EXERCISE REQUIREMENTS: Among the lines below, count those with "white". Give only the number.

---- MATERIALS PROVIDED

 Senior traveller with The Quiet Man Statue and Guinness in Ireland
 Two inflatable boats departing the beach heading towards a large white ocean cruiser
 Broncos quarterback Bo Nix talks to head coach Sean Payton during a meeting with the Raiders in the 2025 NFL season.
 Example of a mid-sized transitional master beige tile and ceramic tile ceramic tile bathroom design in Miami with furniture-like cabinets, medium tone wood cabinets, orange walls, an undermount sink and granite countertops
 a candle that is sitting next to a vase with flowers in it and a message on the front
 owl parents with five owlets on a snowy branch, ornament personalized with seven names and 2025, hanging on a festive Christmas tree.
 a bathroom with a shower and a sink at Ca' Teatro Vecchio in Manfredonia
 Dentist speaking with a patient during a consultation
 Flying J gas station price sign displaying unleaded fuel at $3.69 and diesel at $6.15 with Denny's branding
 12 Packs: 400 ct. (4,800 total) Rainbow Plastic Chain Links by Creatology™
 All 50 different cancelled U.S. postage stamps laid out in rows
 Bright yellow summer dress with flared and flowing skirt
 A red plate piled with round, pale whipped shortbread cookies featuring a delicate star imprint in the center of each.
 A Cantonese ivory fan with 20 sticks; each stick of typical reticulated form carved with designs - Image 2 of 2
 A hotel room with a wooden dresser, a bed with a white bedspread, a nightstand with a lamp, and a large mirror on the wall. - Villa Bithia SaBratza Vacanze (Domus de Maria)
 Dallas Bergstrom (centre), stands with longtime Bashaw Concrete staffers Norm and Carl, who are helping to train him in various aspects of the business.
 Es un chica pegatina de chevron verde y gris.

--------

YOUR SOLUTION: 2